A Carlos Henrique Raposo le atrajo el bamboleo medio profeta
medio quinqui, con que los futbolistas más pintones de su Río natal se
paseaban por las boites. Y se propuso ser uno de ellos. Literalmente,
además. En un tiempo sin internet, su levísimo parecido con el delantero
Renato Gaúcho (Gremio, Flamengo, Fluminense,…) y una jeta de cemento
armado le abrieron las puertas de los grandes templos de la noche
carioca, donde se daba al más desaforado donjuanismo.
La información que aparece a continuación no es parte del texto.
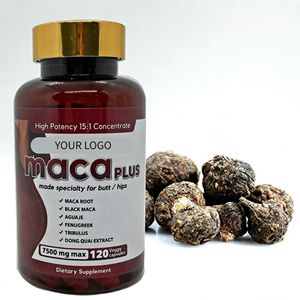 <span class=keywords><strong>Maca</strong></span> Plus 120 Capsule Nere ad Alta Potenza, Migliore Energia, Capsule di Radice di <span class=keywords><strong>Maca</strong></span> Plus per l'Ingrandimento di Glutei e Fianchi per Donne - Product Image 1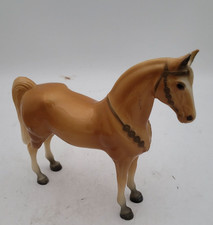 Vintage Unknown Brand Plastic 7" Palomino Gold Western Accents Horse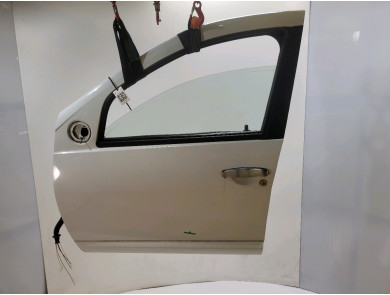 Porte avant gauche - Dacia SANDERO I - Blanc - 801011499R - E1-4971W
Hasta que Gaúcho, al que empezaban a endilgarle juergas homéricas que
jamás se había corrido, dio con él en un reservado y… quedó prendado de
su simpatía. Empotrado en el clan de Gaúcho, Raposo llevó el trampantojo
un poco más allá y, mediante favores, recomendaciones y sobornos, se
fue enrolando en equipos profesionales. No le bastaba con parecer futbolista; además, ansiaba su propia parcelita de gloria
y, qué demonios, cruzeiros a espuertas. Sólo había un inconveniente:
percibía el balón como una amenaza y lo trataba en consecuencia: a
coces. Y ni siquiera el apodo con el que se autoinvistió, Kaiser (por el
único que hubo, Beckenbauer), logró disimular esa carencia; antes al
contrario, la hacía más ominosa. Pero era Río y eran los ochenta, y a
donde no llegaban los enchufes lo hacía su gracejo, con el que
encandilaba a entrenadores, compañeros, directivos, magnates… Consciente
de que en caso de ser alineado saldría a relucir su pavorosa ineptitud,
fue fingiendo lesiones más o menos verosímiles: ora un
desgarro, ora un tirón, ora una torcedura… Nada que pudiera detectar la
tecnología de la época. En contrapartida, en las concentraciones
reinaba el buen humor, y en los desplazamientos no faltaban las
prostitutas, de cuya contratación y acomodo se encargaba personalmente
nuestro hombre. Hasta que en el club cundía el hartazgo y había de
emigrar en busca de otros incautos.
En el documental sobre su vida, Kaiser, recién estrenado en Movistar,
varios compañeros (entre los que encuentran Bebeto, Rocha, y el ya
fallecido Carlos Alberto) atestiguan su nulidad futbolística
entre risotadas y una sombra de melancolía. En los 20 años que duró su
‘carrera’, Carlos Henrique Kaiser Raposo formó parte de las plantillas
de Botafogo, Flamengo, Bangu, Fluminense, Vasco de Gama, América, el
Puebla mexicano y el Independiente argentino. No es un historial exento
de impurezas. En algunas biografías, por ejemplo, en esa lista figura
también el Gazélec Ajaccio, de Córcega, un segunda francés. Él mismo
cuenta ante las cámaras cómo el día de su debut los hinchas le llevaron
en volandas, y entregó un ramo de flores a la mujer del presidente, e
incluso habla de lo muy identificado que se sintió con los corsos, tan
indómitos, tan auténticos. Pero, como el film desvela amargamente,
Kaiser jamás pisó Córcega. Sencillamente, se hizo hacer unas fotos con
una camiseta del Gazélec y echó a rodar el cuento con la complicidad de
un amigo, al que presentaba como testigo de su paso por Francia. El
efecto de la verdad es perturbador, al punto que el pícaro deviene un impostor devorado por la impostura, una suerte de Enric Marco del balompié que ya no sabe en nombre de quién fabula: si de Káiser o del hombre que cree serlo.